Could the lines from the start of the data through the line with "Nebbia Nature Inspired" be set down exactly, with no pictures among them?

────

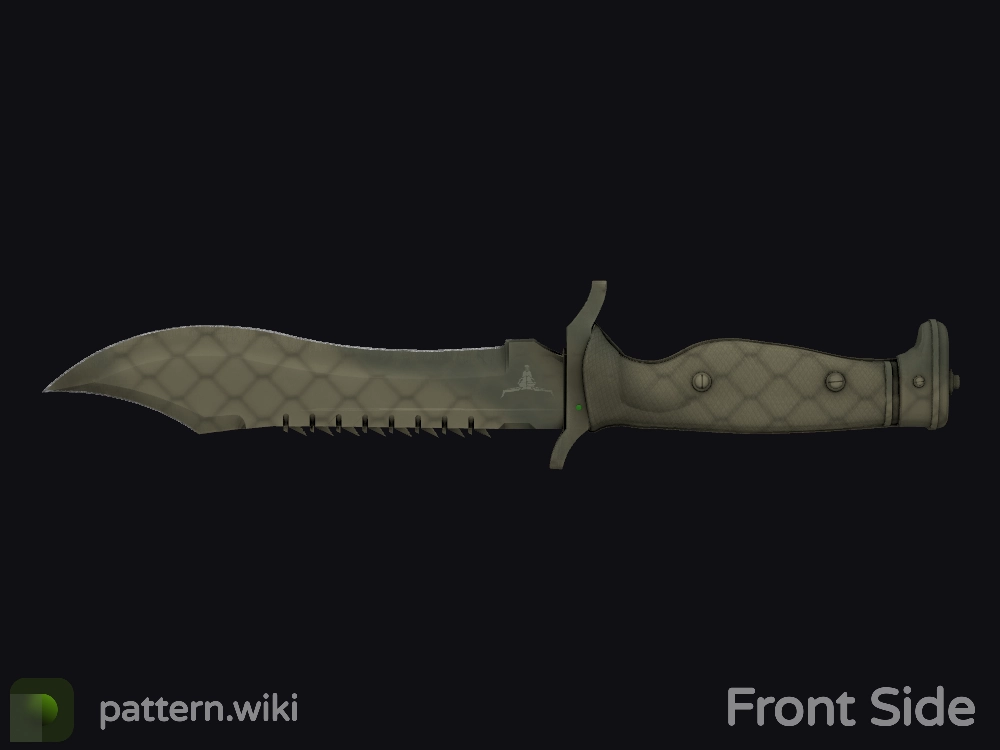 Bowie Knife Safari Mesh seed 315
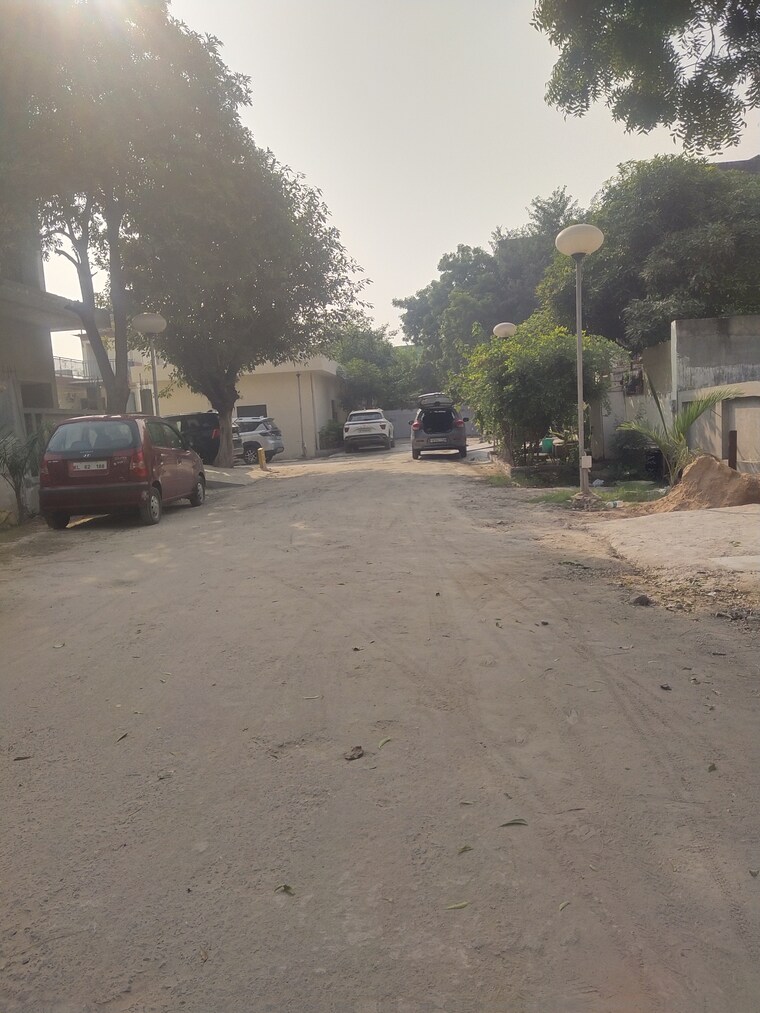 Exterior View, hscc-apartments  100 Sq.Mt. Plot In Phi Ii Greater Noida Greater Noida 9521568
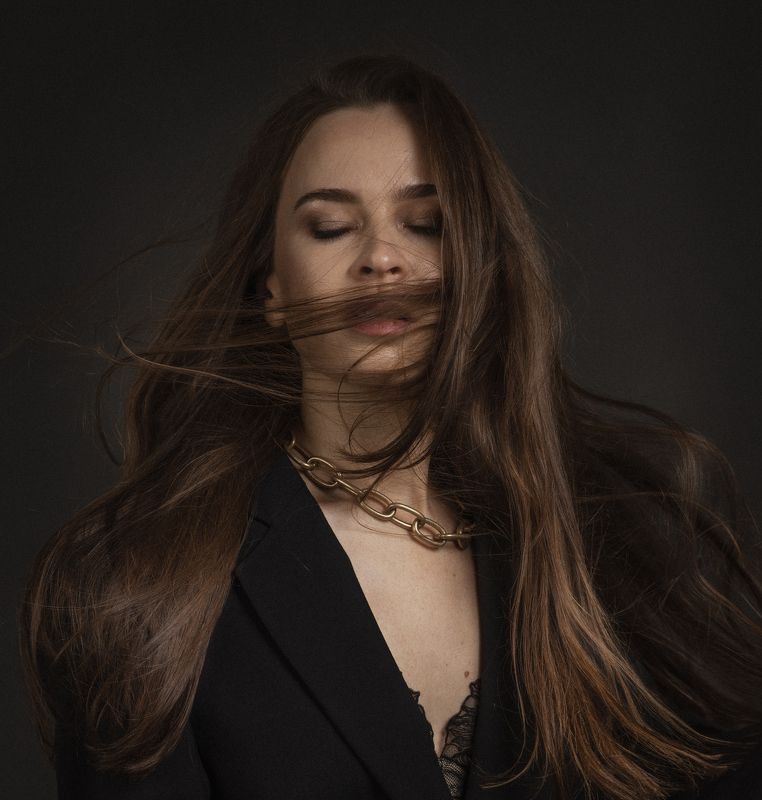 женский портрет, beautiful woman photo preview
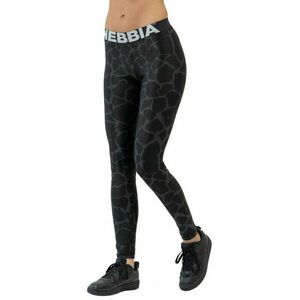 Nebbia Nature Inspired Squat Proof Leggings Black L Fitness nohavice vyobraziť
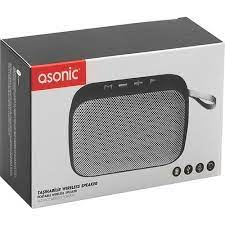 Asonic AS-02 Silver Bluetooth 3W TF/USB Supported Speaker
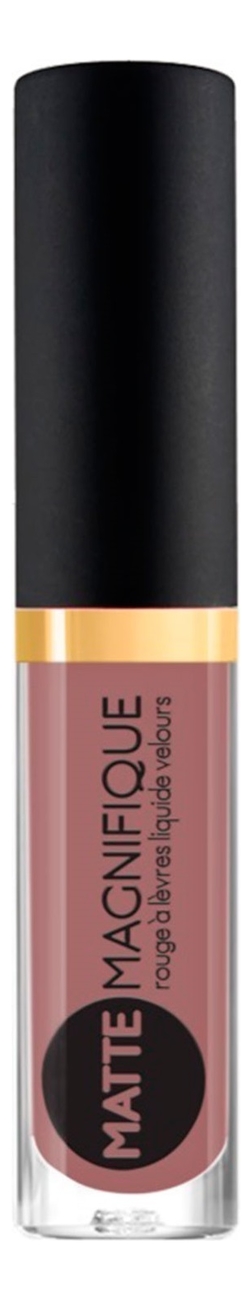 

Матовая жидкая помада для губ Matte Magnifique Rouge a Levres Liquide Velours 3мл: No 218, Матовая жидкая помада для губ Matte Magnifique Rouge a Levres Liquide Velours 3мл
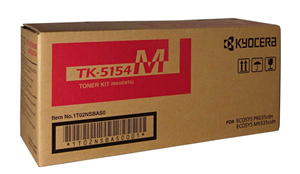 Kyocera TK-5154M Magenta Toner Kyocera — view 2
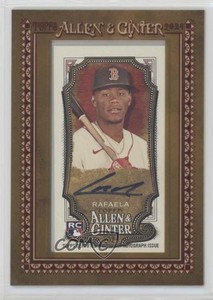 2024 Topps Allen & Ginter Mini Baseball Ceddanne Rafaela #MA-CR Rookie Auto RC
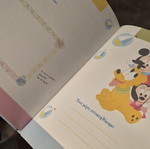 Disney Baby Τρυφερές Αναμνήσεις άλμπουμ μωρού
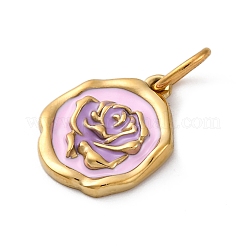 Подвески из нержавеющей стали 304 с эмалью STAS-M110-05G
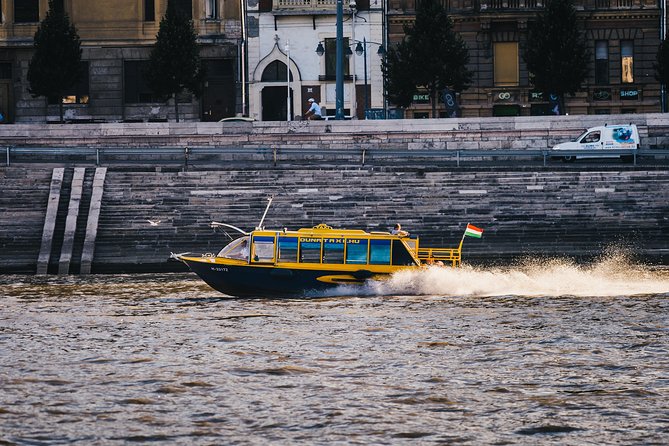 Private Danube Sightseeing Cruise in Budapest - Gellert Hill, bridges, and university buildings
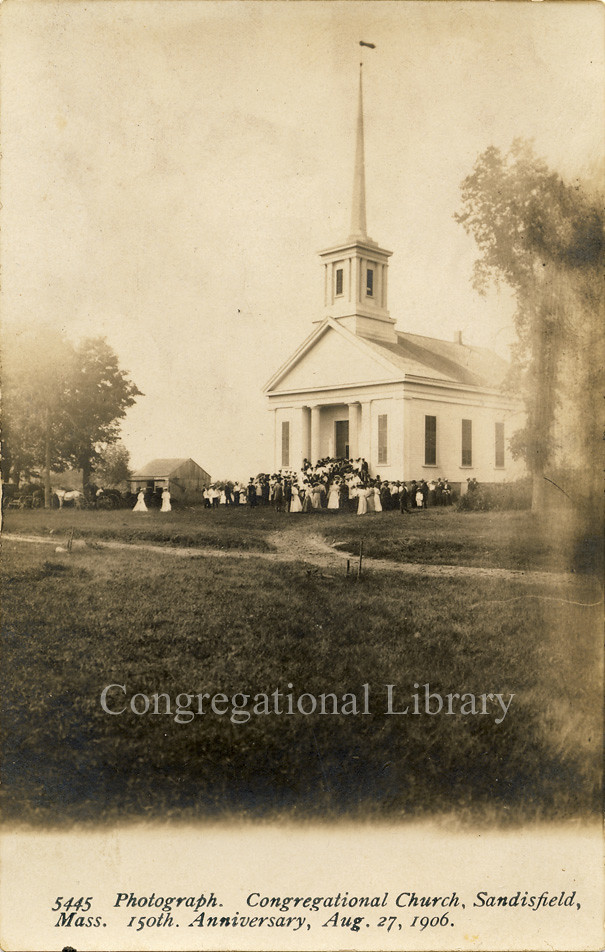 Sandisfield, MA First Congregational Church. Exterior vi… Flickr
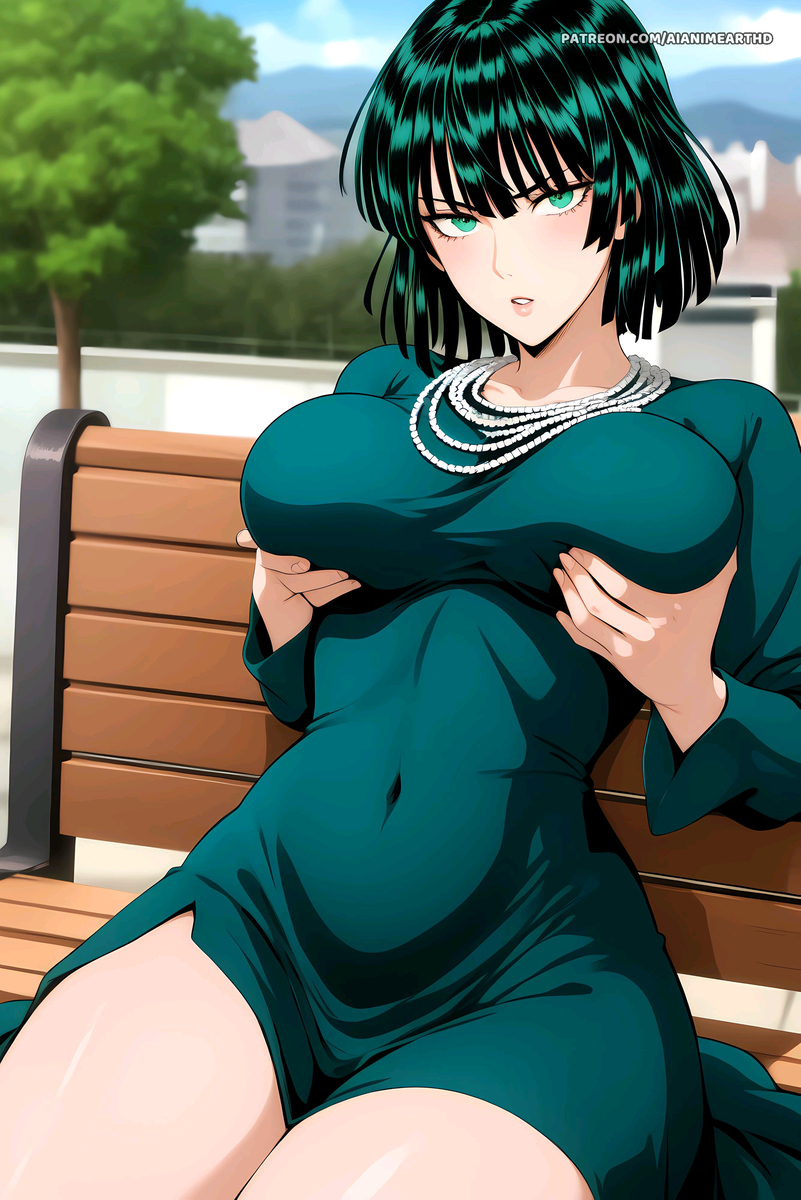 Đọc truyện hentai Tuyển tập Albums Art hentai - Chap 41 - Fubuki x Saitama | One-Punch Man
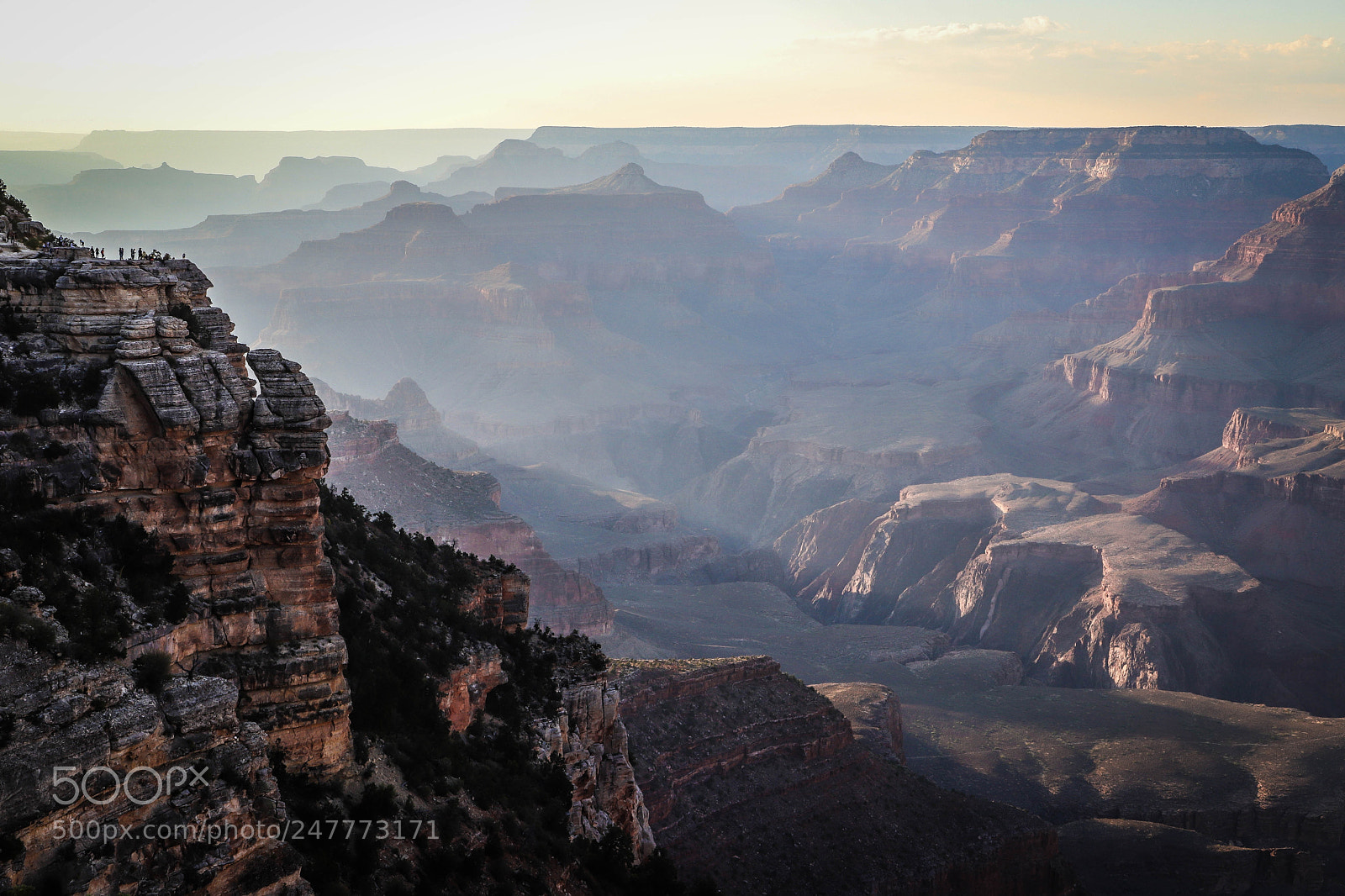 Canon EOS 6D Mark II sample photo. Sunset at canyons photography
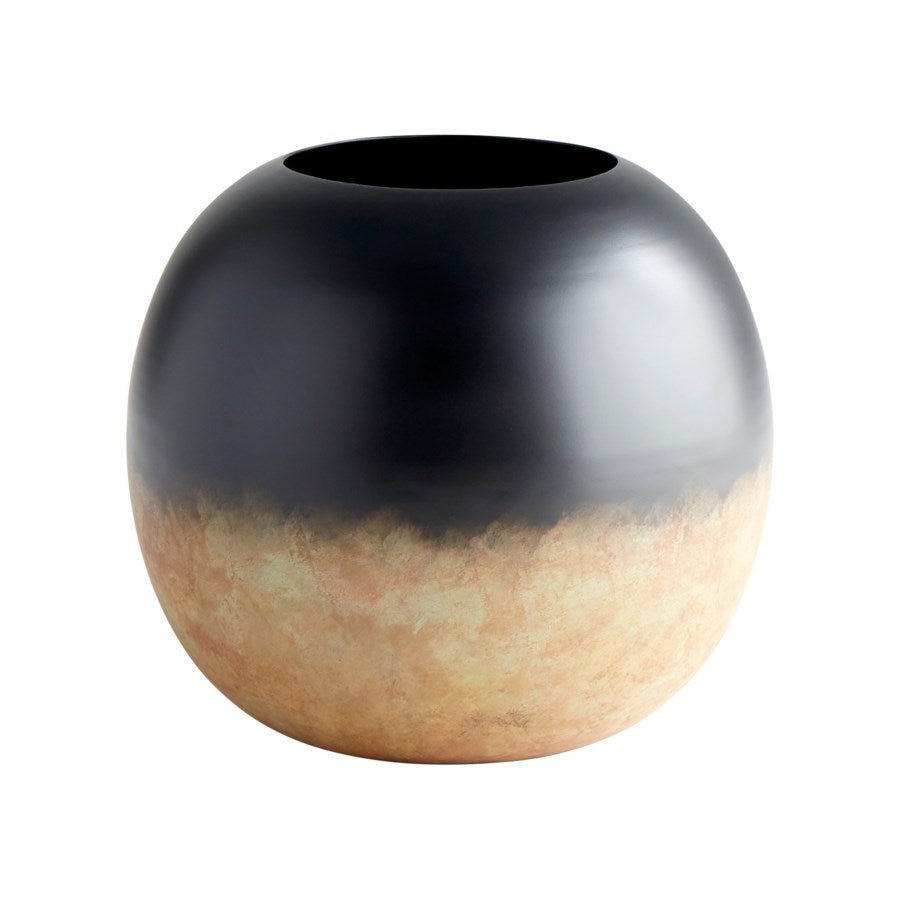 Round Aluminum Planter - The Nifty Decor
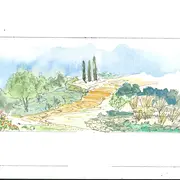 Stage d'aquarelle : À la découverte des fontaines de Provence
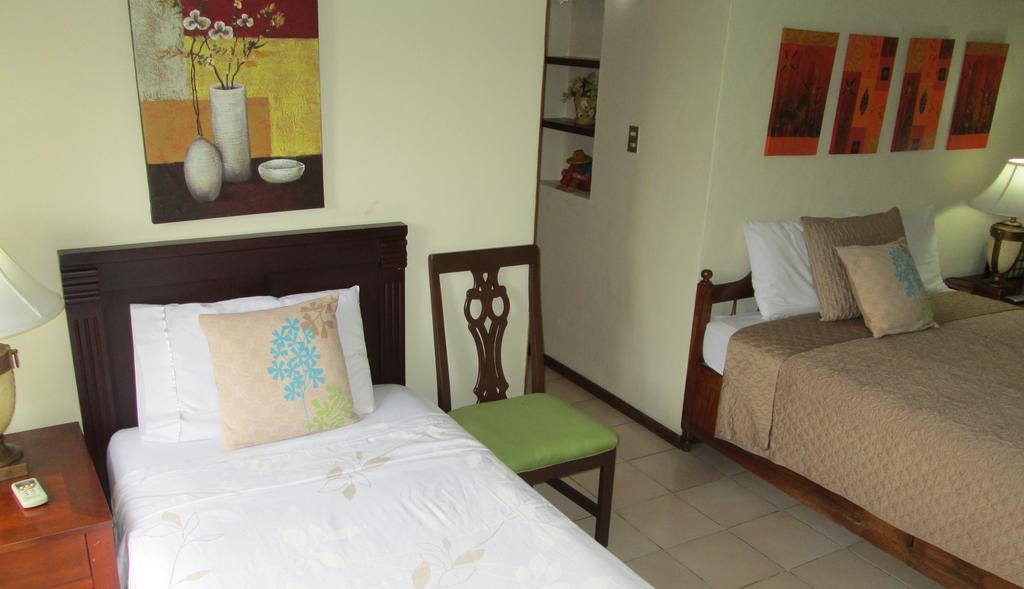 Hotel San Mateo San Salvador Rom bilde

────

ANSWER FOR THE TASK
 Bowie Knife Safari Mesh seed 315
 Exterior View, hscc-apartments  100 Sq.Mt. Plot In Phi Ii Greater Noida Greater Noida 9521568
 женский портрет, beautiful woman photo preview
 Nebbia Nature Inspired Squat Proof Leggings Black L Fitness nohavice vyobraziť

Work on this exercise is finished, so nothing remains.